## Your instructions
The data below holds a line containing "Vídeo mostra caminhão" and a line containing "11、中式点心+蛋黄酥,烤箱"; please quote exactly those two lines and every line between them, and nothing else.

## Records for processing
━━━━━━━━━━━━━━━━

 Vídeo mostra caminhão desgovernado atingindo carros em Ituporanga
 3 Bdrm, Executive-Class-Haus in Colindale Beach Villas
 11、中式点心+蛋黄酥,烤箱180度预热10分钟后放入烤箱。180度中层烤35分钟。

━━━━━━━━━━━━━━━━

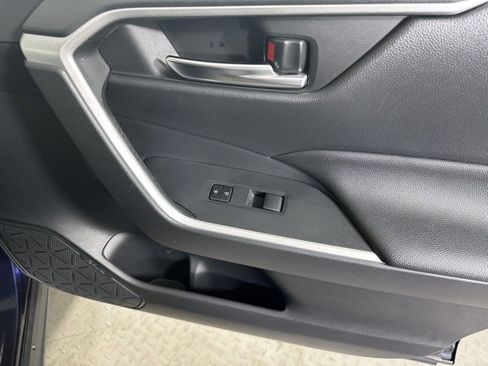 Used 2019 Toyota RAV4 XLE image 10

━━━━━━━━━━━━━━━━

## Solution to the problem
 Vídeo mostra caminhão desgovernado atingindo carros em Ituporanga
 3 Bdrm, Executive-Class-Haus in Colindale Beach Villas
 11、中式点心+蛋黄酥,烤箱180度预热10分钟后放入烤箱。180度中层烤35分钟。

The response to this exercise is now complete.